The most immediate problem before the Commissariat of Finance is undoubtedly the accomplishment of the process which has already begun, namely, the selection of the most convenient moment for the annulment of the old money. As regards the part which currency generally (at this moment of transition) plays, there can be no doubt that now it is the only and therefore inevitable system of financing the entire governmental machinery and that the choice of other ways in this direction entirely depends upon purely economic conditions, i.e., mainly upon the process of organization and restoration of the national economy as a whole.
V
The explanatory note, attached to the budget for July to December, 1918, thus depicts our future budget: “When the Socialist reconstruction of Russia has been completed, when all the factories, mills and other establishments have passed into the hands of the government, and the products of these will go to the government freely and directly, when the agricultural and farming products will also freely flow into the government stores either in exchange for manufactured articles or as duty in kind ... then the state budget will reflect not the condition of the monetary transactions of the State Treasury ... but the condition of the operations involving material values, belonging to the State, and the operations will be transacted without the aid of money, at any rate without money in its present form.”
It is clear that at present the conditions are not yet fully prepared for the transition to the above-stated new form of state budget.

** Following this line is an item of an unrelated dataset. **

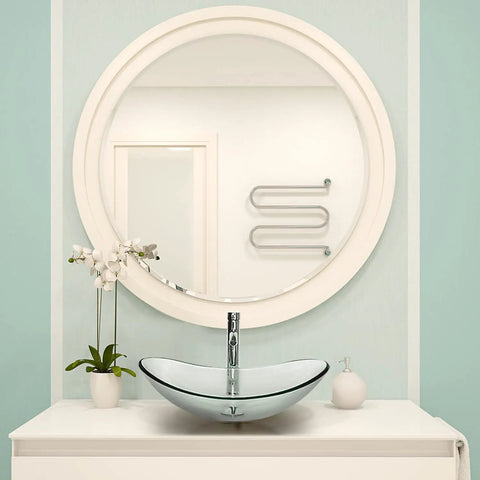 Boat Shape Glass Vessel Sink With Free Oil Rubbed Bronze Faucet And Pop Up Drain In Blue For Modern Bathrooms, mirror view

But, in spite of this, the Commissariat of Finance has taken a big step forward in the direction of reforming our budget.
The budget of the Russian Socialist Federal Soviet Republic, adopted by the All-Russian Central Executive Committee on May 20, 1919, represents the experiment in effecting a survey not so much of the financial activity of the state, as of its economic activity, even though it is as yet in the form of money.
In the work of reforming the budget, the Commissariat of Finance has come across two obstacles which are a heritage of the pre-revolutionary time: the division of revenue and expenditures into general state and local, and the hesitation on the part of some to include in the budget all the productive and distributive operations of the Supreme Council of National Economy and of the Commissariat for Food Supply. Both, the first and second obstacles have been somewhat surmounted, and the above-mentioned (third) revolutionary budget is already different from the two preceding budgets in many peculiarities which are very typical. These consist in a complete account of all production and distribution which the state has taken upon itself. This experiment is by no means complete, but the achievement should nevertheless be judged as considerable. The concrete conditions for making out the budget, as is stated in the explanatory note, have already made it possible to enter upon the road of accounting for the entire production and distribution of the nation, and that thereby the foundation has been laid down for the development of the budget in the only direction which is proper under the present conditions.
The budget of the first half of 1919 has followed the same fundamental principles for the construction of the state budget by including the expenditures of the entire state production and distribution as well as the sum total of the revenue-in the form of income from the productive and distributive operations of the state. In other words, this budget for the first time takes into account all the transactions of the Supreme Council of National Economy and of the Commissariat for Food Supply.